DIRECTIONS FOR THIS TASK
Leave the images aside and repeat the whole listing exactly.

SUPPLIED INFORMATION

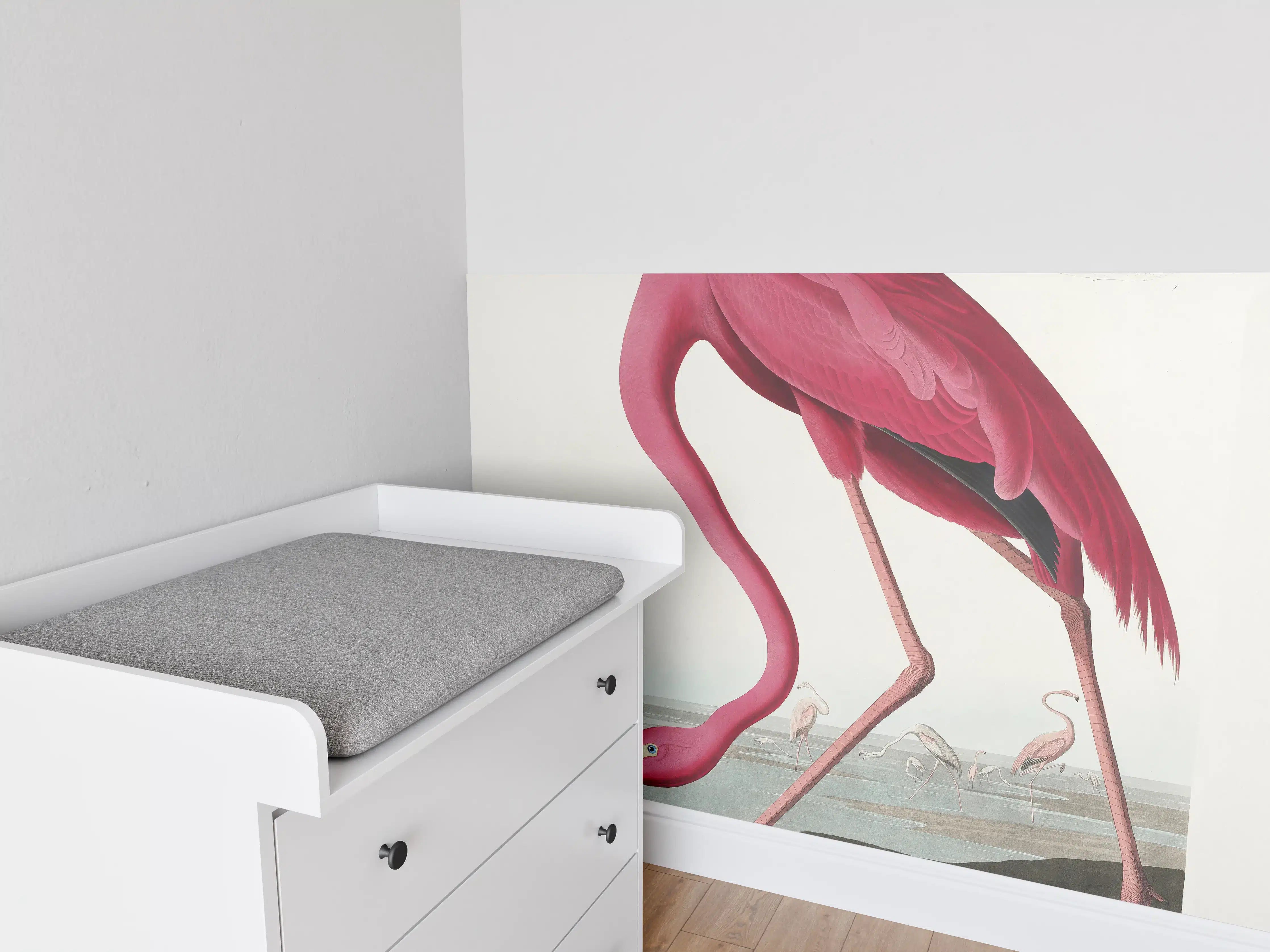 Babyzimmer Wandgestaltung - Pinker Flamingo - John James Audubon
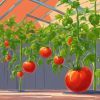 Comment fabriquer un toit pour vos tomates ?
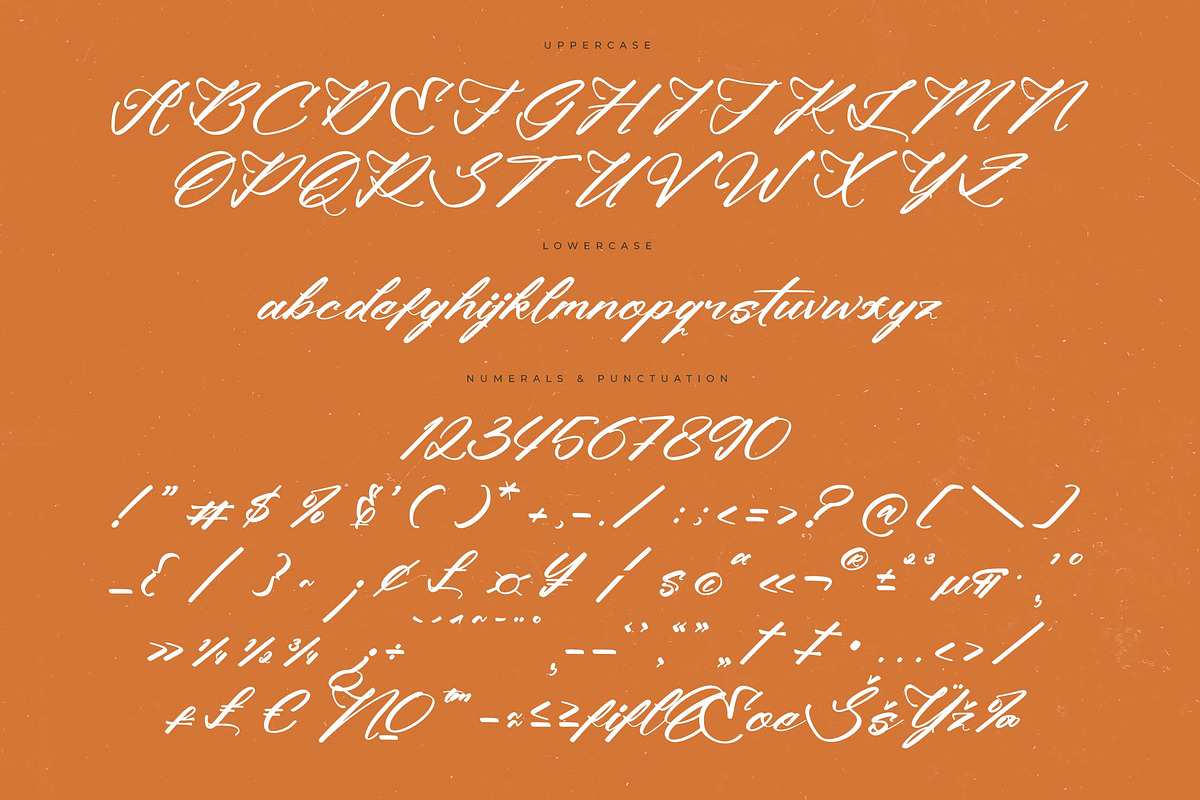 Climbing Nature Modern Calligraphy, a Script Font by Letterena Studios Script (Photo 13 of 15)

SOLVED PROBLEM
 Babyzimmer Wandgestaltung - Pinker Flamingo - John James Audubon
 Comment fabriquer un toit pour vos tomates ?
 Climbing Nature Modern Calligraphy, a Script Font by Letterena Studios Script (Photo 13 of 15)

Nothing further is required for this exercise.